## What to produce
Starting at the line that contains "Bee on wood" and ending at the line that contains "Chanel Medium Classic", the lines below are to be given again exactly, with nothing added.

## Record excerpts
»»

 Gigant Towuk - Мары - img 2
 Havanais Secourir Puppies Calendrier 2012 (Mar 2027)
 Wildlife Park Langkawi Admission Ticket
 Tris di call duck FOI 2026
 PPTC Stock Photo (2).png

««
»»

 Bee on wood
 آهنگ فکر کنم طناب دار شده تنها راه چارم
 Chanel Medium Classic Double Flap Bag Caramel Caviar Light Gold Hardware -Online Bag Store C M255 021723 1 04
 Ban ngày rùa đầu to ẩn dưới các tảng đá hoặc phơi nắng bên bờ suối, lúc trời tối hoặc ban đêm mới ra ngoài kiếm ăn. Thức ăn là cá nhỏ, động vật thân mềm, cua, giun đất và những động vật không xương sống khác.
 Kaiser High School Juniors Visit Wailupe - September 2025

««
»»

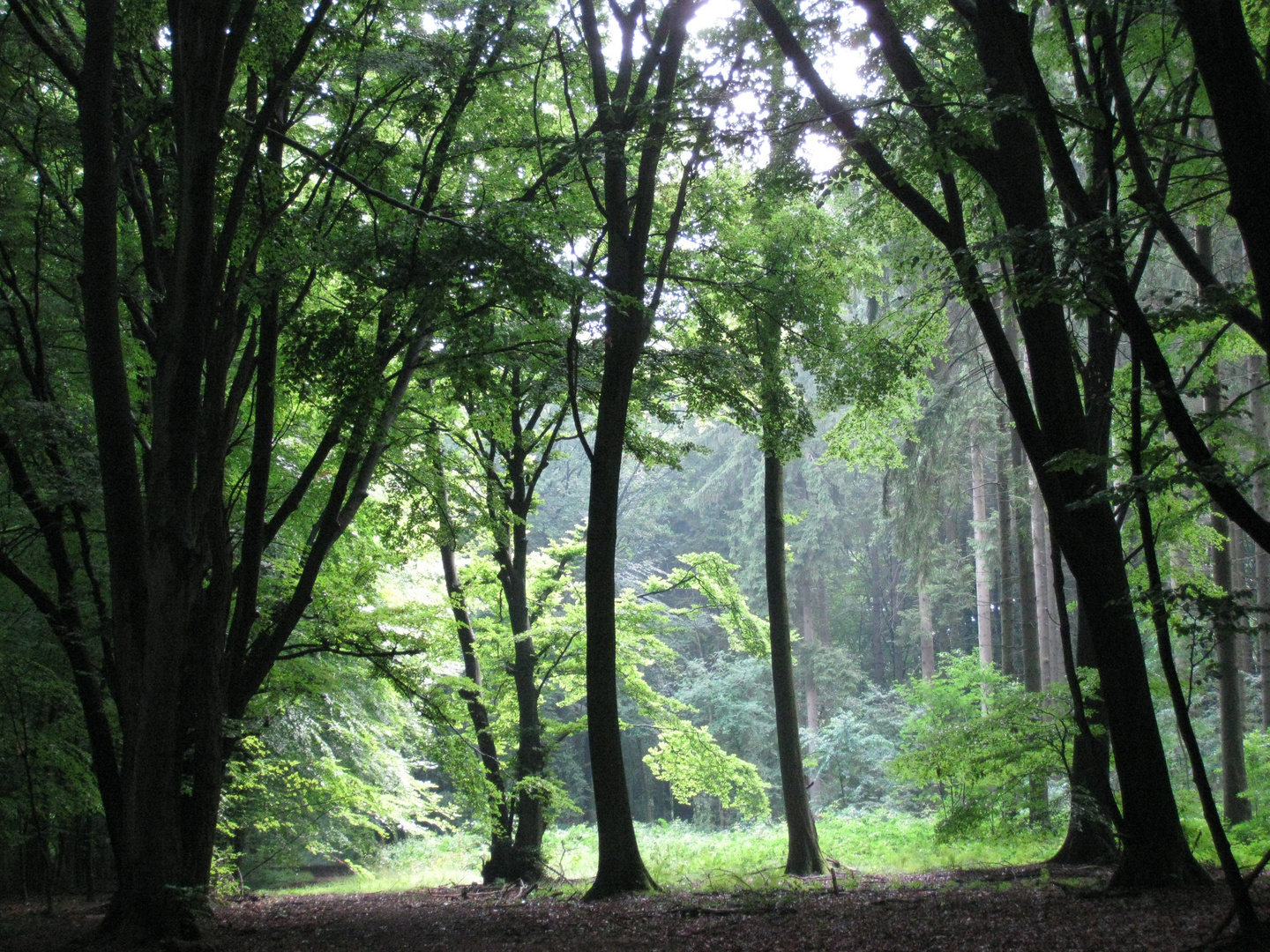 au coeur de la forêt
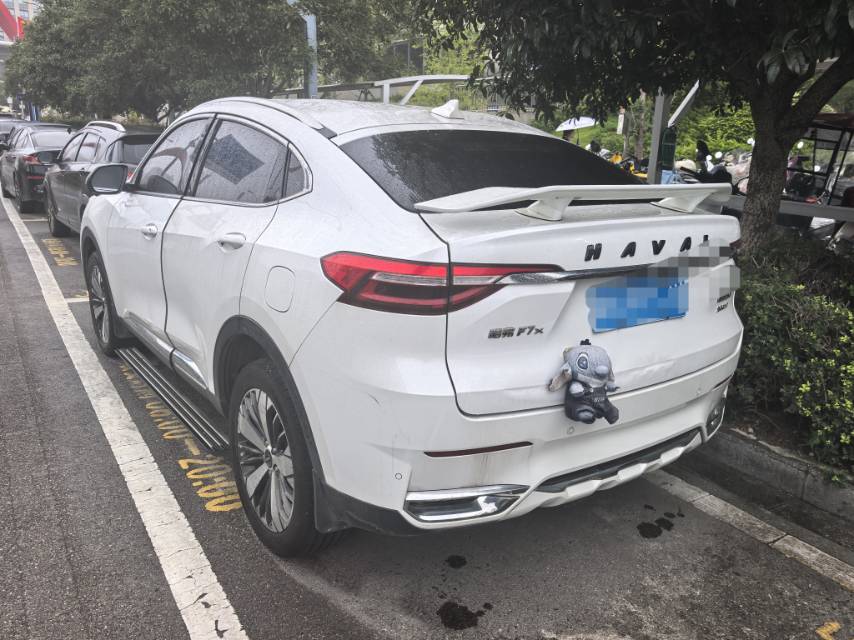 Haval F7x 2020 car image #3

««

## Exercise response
 Bee on wood
 آهنگ فکر کنم طناب دار شده تنها راه چارم
 Chanel Medium Classic Double Flap Bag Caramel Caviar Light Gold Hardware -Online Bag Store C M255 021723 1 04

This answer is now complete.